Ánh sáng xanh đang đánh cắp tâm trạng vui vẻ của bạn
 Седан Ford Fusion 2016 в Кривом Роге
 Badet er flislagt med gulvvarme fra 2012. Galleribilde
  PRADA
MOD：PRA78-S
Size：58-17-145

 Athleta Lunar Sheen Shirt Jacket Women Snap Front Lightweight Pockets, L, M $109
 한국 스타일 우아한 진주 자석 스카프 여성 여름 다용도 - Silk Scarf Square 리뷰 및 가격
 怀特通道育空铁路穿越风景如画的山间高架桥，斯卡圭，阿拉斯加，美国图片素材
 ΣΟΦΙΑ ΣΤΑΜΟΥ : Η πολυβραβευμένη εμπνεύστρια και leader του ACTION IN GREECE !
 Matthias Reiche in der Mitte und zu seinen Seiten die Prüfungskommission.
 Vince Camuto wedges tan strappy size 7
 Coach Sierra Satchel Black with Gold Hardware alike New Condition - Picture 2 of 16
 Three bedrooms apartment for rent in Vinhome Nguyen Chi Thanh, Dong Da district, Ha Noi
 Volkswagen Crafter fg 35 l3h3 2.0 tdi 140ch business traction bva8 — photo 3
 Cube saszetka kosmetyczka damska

## What the task asks
Write out only the lines from the very start of the entries above to the line that includes "한국 스타일 우아한 진주", both ends included, each one unchanged.

## Solution
Ánh sáng xanh đang đánh cắp tâm trạng vui vẻ của bạn
 Седан Ford Fusion 2016 в Кривом Роге
 Badet er flislagt med gulvvarme fra 2012. Galleribilde
  PRADA
MOD：PRA78-S
Size：58-17-145

 Athleta Lunar Sheen Shirt Jacket Women Snap Front Lightweight Pockets, L, M $109
 한국 스타일 우아한 진주 자석 스카프 여성 여름 다용도 - Silk Scarf Square 리뷰 및 가격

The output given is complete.